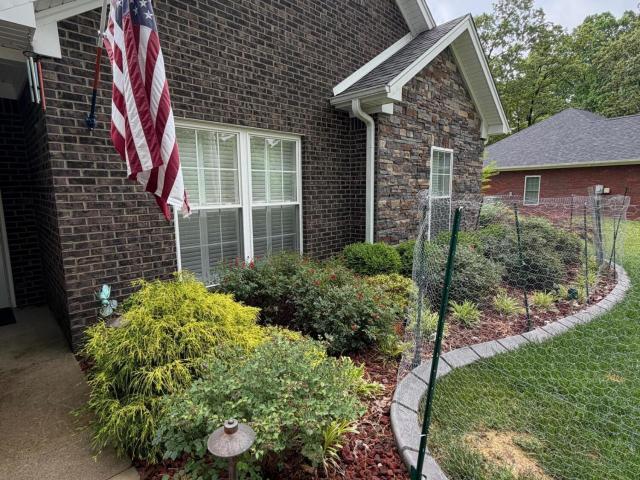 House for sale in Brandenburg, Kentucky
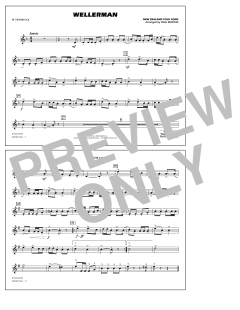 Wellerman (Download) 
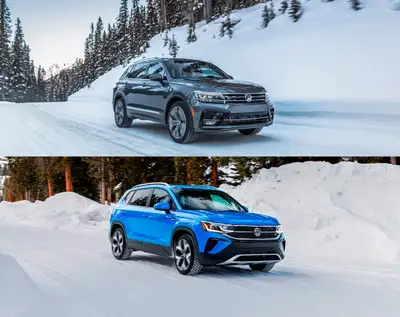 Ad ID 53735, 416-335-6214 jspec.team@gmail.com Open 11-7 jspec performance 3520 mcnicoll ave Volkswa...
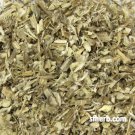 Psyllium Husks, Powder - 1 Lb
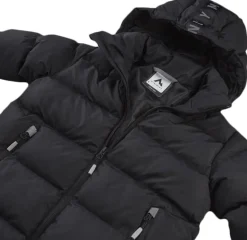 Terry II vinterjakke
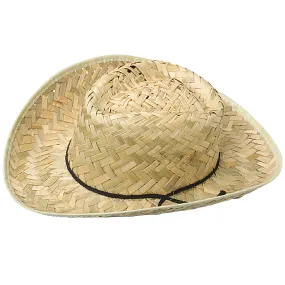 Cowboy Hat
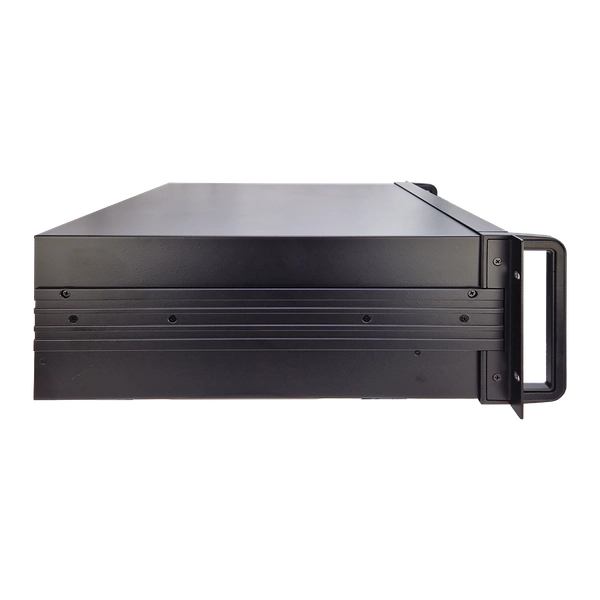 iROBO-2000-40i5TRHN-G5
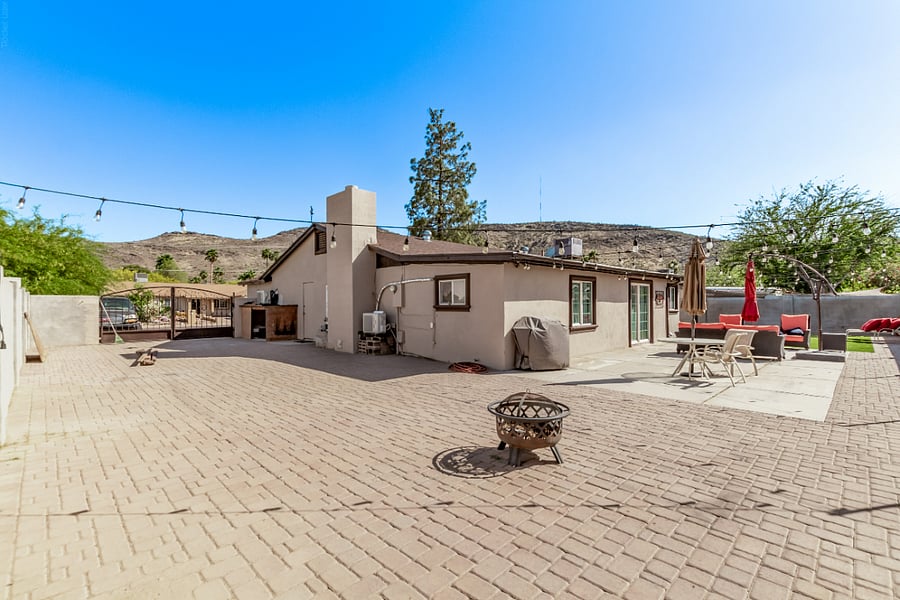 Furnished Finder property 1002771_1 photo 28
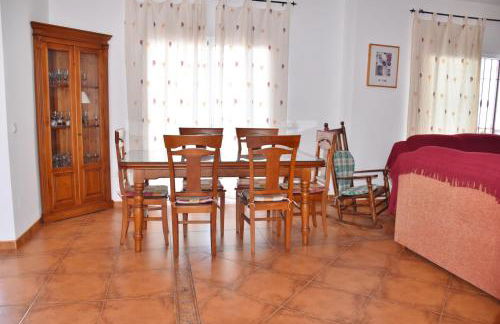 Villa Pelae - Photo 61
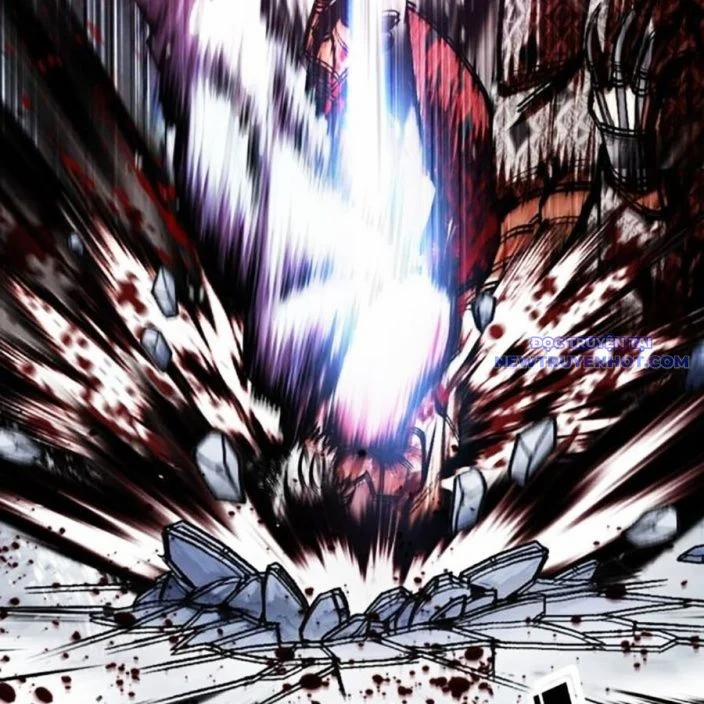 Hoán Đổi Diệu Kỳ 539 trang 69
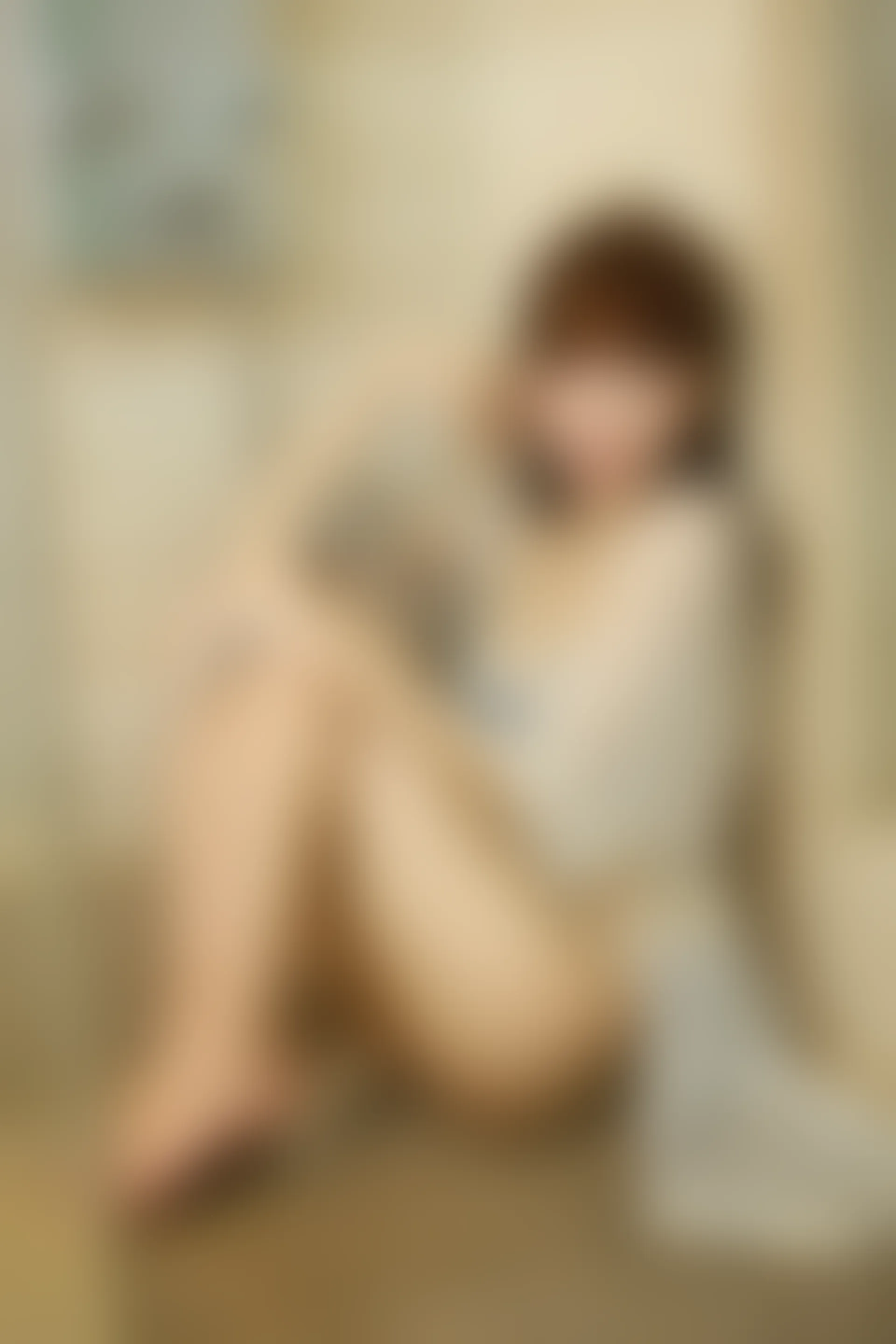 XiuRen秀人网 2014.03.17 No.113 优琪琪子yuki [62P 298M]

## To do
Each line of the listing must be restated word for word, and the pictures left out.

## Answer to this exercise
 House for sale in Brandenburg, Kentucky
 Wellerman (Download) 
 Ad ID 53735, 416-335-6214 jspec.team@gmail.com Open 11-7 jspec performance 3520 mcnicoll ave Volkswa...
 Psyllium Husks, Powder - 1 Lb
 Terry II vinterjakke
 Cowboy Hat
 iROBO-2000-40i5TRHN-G5
 Furnished Finder property 1002771_1 photo 28
 Villa Pelae - Photo 61
 Hoán Đổi Diệu Kỳ 539 trang 69
 XiuRen秀人网 2014.03.17 No.113 优琪琪子yuki [62P 298M]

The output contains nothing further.